A proposta de dois Estados, que está sendo agitada pela AP, representa 20% da Palestina Histórica, mas como a referência à fronteira de 1967 é somente uma base para a negociação, estima-se em 5% o que está sendo negociado nos bastidores do império, cuja base é a sólida realidade da fragmentação territorial e da, praticamente, posse quase absoluta do território pela ocupação que administra o Estado apenas para os judeu, que gozam de plenos direitos nacionais; Estado onde os árabes palestinos são tratados como inferiores, sem nenhum direito, pela lei do cão.
Um Estado cujo sistema é o aparthaid.
O Estado judeu tem o controle absoluto sobre as doações humanitárias; a economia; tudo o que se produz e é comercializado pelos palestinos; o controle total da água consumida; da energia; dos combustíveis; do acesso aos remédios; do que os alunos devem aprender nas escolas; tem o controle total das estradas que cortam impiedosamente todo o território, criando verdadeiras malhas e redes entre as colônias judaicas que isolam e sufocam, cada vez mais, as aldeias palestinas em pontos minúsculos na rede sionista de estradas, onde somente pode circular os judeus e os tratores do Estado judeu que irão destruir mais uma aldeia para construção de uma nova colônia. Qual desses pequenos fragmentos palestinos se chamará Estado Palestino, sem direitos e totalmente dominado e controlado por Israel? Qual devemos comemorar?Obviamente, que haverá alguma concessão para a elite que irá dirigir este bantustão.
(Os bantustões foram pseudo-estados de base tribal criados pelo regime do apartheid na África do Sul, de forma a manter os negros fora dos bairros e terras brancas, mas suficientemente perto delas para servirem de fontes de mão-de-obra barata.)
Esta é a essência da proposta de dois Estados!
Dessa forma, a construção do Estado Palestino significa a consolidação e o fortalecimento do Estado sionista, fascista, racista e teocrático. Em outras palavras: O projeto de limpeza étnico mais perfeito e mais completo, e de quebra: o apoio da comunidade internacional e da opinião pública desavisada e dos ativistas de boa fé. Por isso, o imperialismo apóia a construção de um Estado Palestino e prepara junto com os aliados um desfecho negociado contra o povo palestino.
Medo ou desprezo das massas
O mais grave dessa discussão é que no afã de mudar o cenário e o palco onde se desenrolam as lutas diárias do povo palestino, oxigenadas pelo calor das massas árabes nas ruas, exigindo seus direitos e lutando contra os ditadores e déspotas corruptos aliados do imperialismo-sionismo, que os mantiveram reféns da miséria, até agora, enquanto entregavam, e ainda entregam, as riquezas do oriente médio a sanha do capital, a AP, representada pelo Presidente Abbas e seu primeiro ministro, Fayyad, sem consultar o povo palestino e sem reconhecer a existência de outra proposta divergente no seio do povo, projetou uma campanha de agitação que busca o foco na mesa de negociação e nas instituições, onde o sionismo é absolutamente forte.

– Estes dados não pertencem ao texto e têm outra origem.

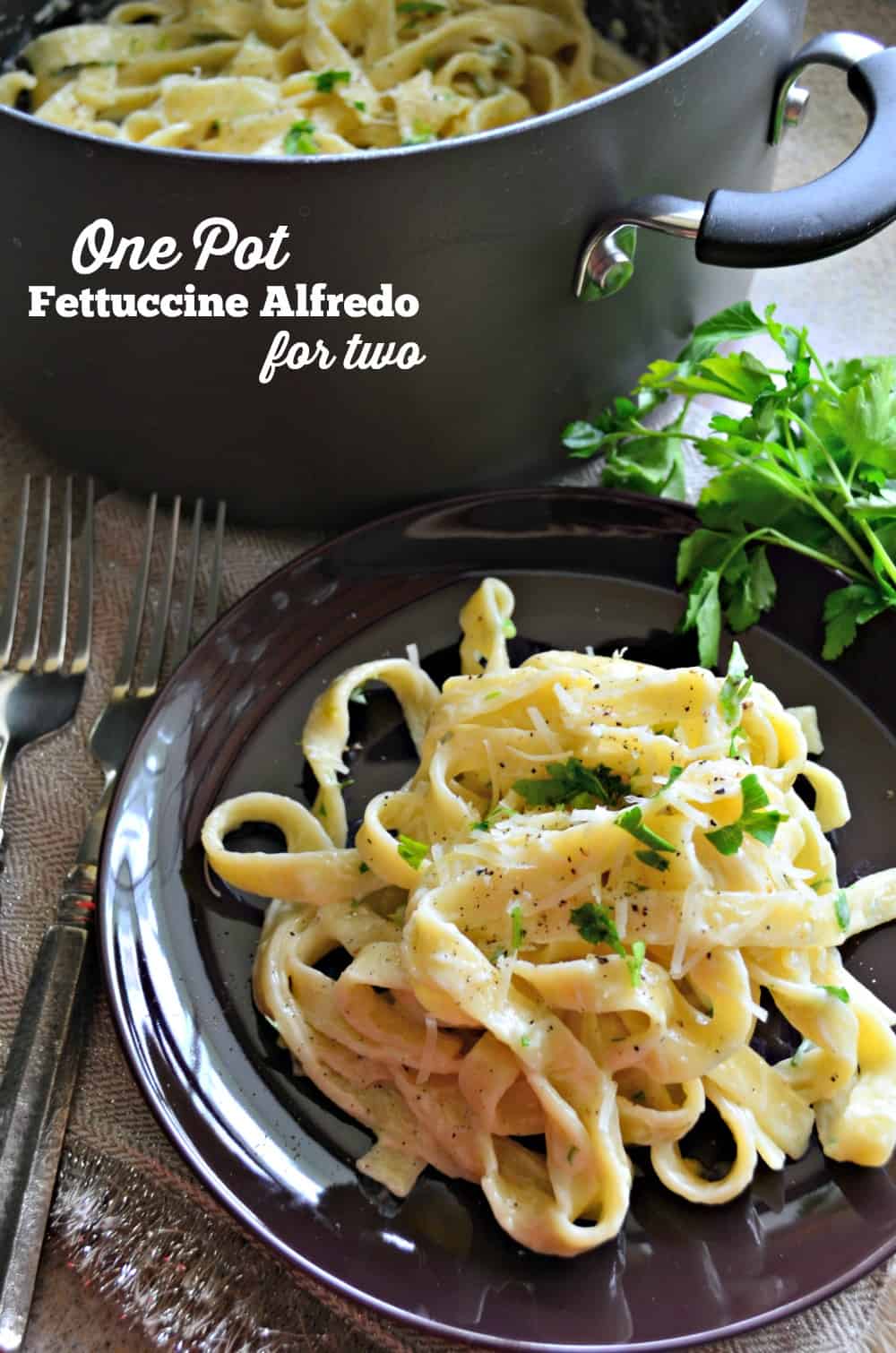 Photo of a pot Fettuccine Alfredo in the background with a plate of fettuccine noodles in the foreground.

A “primavera árabe” significou um forte motivo para que a elite mundial dos países imperialista, esta pequena oligarquia do capital financeiro-bélico-produtivo, acendesse a luz de “atenção” e “cuidado” no Oriente Médio. Era necessário e urgente promover uma agitação que tirasse o foco do crescente sentimento anti-sionista e de não reconhecimento do Estado judeu pelas massas árabes em movimento, expressas em todas as ocasiões nas grandes manifestações e devidamente escondido pelas mídias pró-sionistas.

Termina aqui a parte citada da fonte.